When Wilton’s Community Emergency Response Team, better known as CERT, was formed in 2004, one of the first people to raise their hand to join was T.G. Rawlins.

Rawlins eventually became the team’s operations officer and on Wednesday, Oct. 16, he stepped down from that position and was given a celebratory sendoff by his teammates, as well as Wilton’s first responders — firefighters, police officers, EMS volunteers — that CERT supports. Dozens of volunteers, town employees and town officials gathered at fire headquarters for a luncheon and testimonials.

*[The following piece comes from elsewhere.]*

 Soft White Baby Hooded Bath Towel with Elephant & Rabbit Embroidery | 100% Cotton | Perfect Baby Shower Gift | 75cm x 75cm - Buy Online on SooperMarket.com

“Without T.G., Wilton CERT would be nothing,” said Jack Majesky, another founder. “There couldn’t be any single person more important to an organization like that guy,” he said, adding Rawlins was responsible for recruiting, training, and performance.

“In 15 years, we have never, ever failed on any deployment to turn out the numbers or do the job,” Majesky continued, “whether it’s 2:30 a.m. for 4 p.m. on a weekday.”

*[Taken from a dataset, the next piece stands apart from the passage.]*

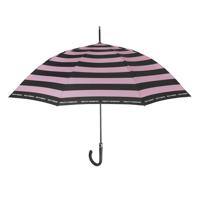 paraplu strepen dames 112 cm microfiber roze/zwart - thumbnail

Majesky said one of the things Rawlins will be remembered for is his insistence to “do it better, do it safer.”

Considered second responders, CERT supports Wilton’s first responders, whether it is handling traffic during a storm or accident investigation, operating emergency shelters, participating in search and rescue, or distributing bottled water during prolonged power outages.

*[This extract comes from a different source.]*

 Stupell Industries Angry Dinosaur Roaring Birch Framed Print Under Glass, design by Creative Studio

Rawlins is leaving CERT because he recently retired as a sales manager for industrial parts supplier Schaeffler, and he and his wife Tosha will sail south next week on the Intracoastal Waterway to Stuart, Fla. He promised they will return periodically.

A modest man, Rawlins did not specify any particular events of note as a member of CERT but instead said he was glad “just to be able to get to an event. You need the team, the skills and to gain the respect of the first responders to assist them.”

He took pride in “just being there when we’re needed” and helping to train “citizens to be ready for the Sandys and Irenes.”

He called the dedication of his teammates “unbelievable” and while every member has their own reasons for joining CERT, “at the end it’s common for all of us to be providing a community service,” he said.

A former member of the Round Hill Volunteer Fire Department in Greenwich, Rawlins said that when he moved to Wilton, joining CERT “filled that void of being involved in emergency services.”

One of the most challenging tasks is closing down Route 7 after a fatal accident so police can conduct their investigation.

“It’s tough, because people don’t know the detours,” he said.

Police Chief John Lynch is one first responder who appreciates CERT, saying it is a “great asset.” “We’re going to miss him,” he said of T.G. “Every call we went on he was there,” he said. “When he wasn’t there we started to worry about him.”

First Selectwoman Lynne Vanderslice said, “the personal commitment he made was enormous. It’s not easy and not everyone has that commitment.”

Despite Rawlins’ leaving, “others will step up,” she said. “He’s leaving the organization in great shape.”

One of those remaining with CERT is Pat Russo, another early member. He said CERT training “totally changes your perspective and how to anticipate emergencies. You’re always trying to be more prepared to the point where other people ask you for help.

“It’s been very rewarding getting to know T.G. It really is a strong volunteer group that wants to show they are involved and looking out for their neighbors,” he said.